Shoryuken::Waiter

Based heavily on the concept of shoryuken-later, Shoryuken::Waiter allows jobs to be scheduled greater that 15 minutes into the future when using Shoryuken.

Notice: Version 0.x is tightly coupled Rails and Shoryuken SQS queues. 1.x should add support for Shoryuken workers (currently only Active Job is supported), and more configurable DynamoDB tables. 0.0.x builds rely on Shoryuken changes that have not yet been merged into master.

Usage

Integration with ActiveJob

Because SQS only allows messages to be delayed up to 15 minutes, the Active Job adapter that ships with Shoryuken does not allow jobs to be scheduled further than 15 minutes out. Shoryuken::Waiter provides a replacement adapter that wraps the Shoryuken adapter, and allows for jobs to be scheduled arbitrarily far into the future.

# config/application.rb
config.active_job.queue_adapter = :shoryuken_waiter

If a job is created with a delay of more than 15 minutes, and Shoryuken::Waiter finds a DynamoDB table whose name matches the name of the queue for which the job was intended, the properties of the job are captured to that table, allowing it to be rescheduled later on. If a matching table can't be found or the job's is 15 minutes or less the native Shoryuken adapters handles it.

The schedule poller

There is no separate poller process that is run to watch for scheduled jobs. Whenever the Shoryuken message processor starts up, a Celluloid supervisor maintains a single Shoryuken::Waiter::Querier that polls DynamoDB for jobs. The poller shuts down when Shoryuken stops.

The frequency that tables are queried for scheduleable jobs is 5.minutes by default. It can be customized by setting the delay property in the Shoryuken configuration.

# config/shoryuken.yml
waiter:
  delay: 30 # seconds

Queues & Tables

When Shoryuken::Waiter loads it tries to find a DynamoDB table for each SQS Shoryuken queue that is configured. When a table with a matching name can't be found, Shoryuken::Waiter will not poll for jobs intended for that queue, and creating jobs intended for that queue is handled by the the Shoryuken Active Job adapter.

Note: There is no technical reason that each queue needs it's own table. It would be more cost effective to put all jobs into a single table, so that may be a change that is made in the future.

Creating DynamoDB Tables

Tables being used with Shoryuken::Waiter must be created with certain properties to work correctly.

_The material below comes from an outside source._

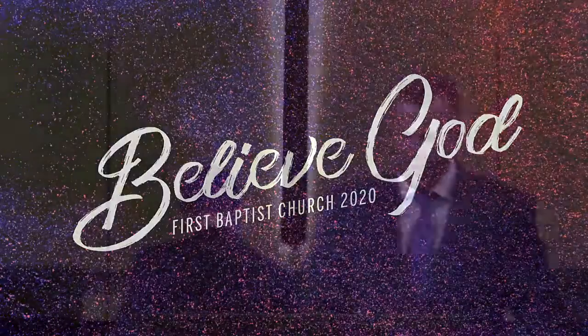Amen. Thank you, Pastor Dylan. That was tremendous. Have your Bibles open in the book of Esther, chapter number 4, as we look again in our story, the account of Esther.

Table name: The name of the table must match the name of an SQS queue registered with Shoryuken
Primary key: The item key must be a String with the value scheduler, and the sort key must be a String with the value job_id
Secondary index: An index (generally a Local Secondary Index) must be added to the table. The item key of the index's primary key must be a String with the value scheduler, and the sort key of the primary key must be a Number with the value perform_at. The index name must be scheduler-perform_at-index. Projected attributes generally can be set to all.

Other properties of the table, such as the provisioned capacity will be application dependent.

Pricing

Specific pricing details for DynamoDB should be considered when determining the cost of using the service for Shoryuken::Waiter with your app. AWS's Free Tier, which does not expire for DynamoDB, provides 25 Units of read and write capacity and 25 GB of storage for an account. In general this would be enough capacity to support several Shoryuken::Waiter tables at no cost for most applications.

Increasing the frequency of polling, scheduling many jobs that must be delayed, or having many jobs delayed for a very long time leading to a large on-disk footprint of the tables could lead to higher costs.

Be aware that the secondary index that is required for Shoryuken::Waiter counts against additional throughput capacity and storage costs.

Internals

When a job is scheduled normally with Shoryuken, the message is sent to SQS with four properties queue_url, message_body, delay_seconds, and message_attributes.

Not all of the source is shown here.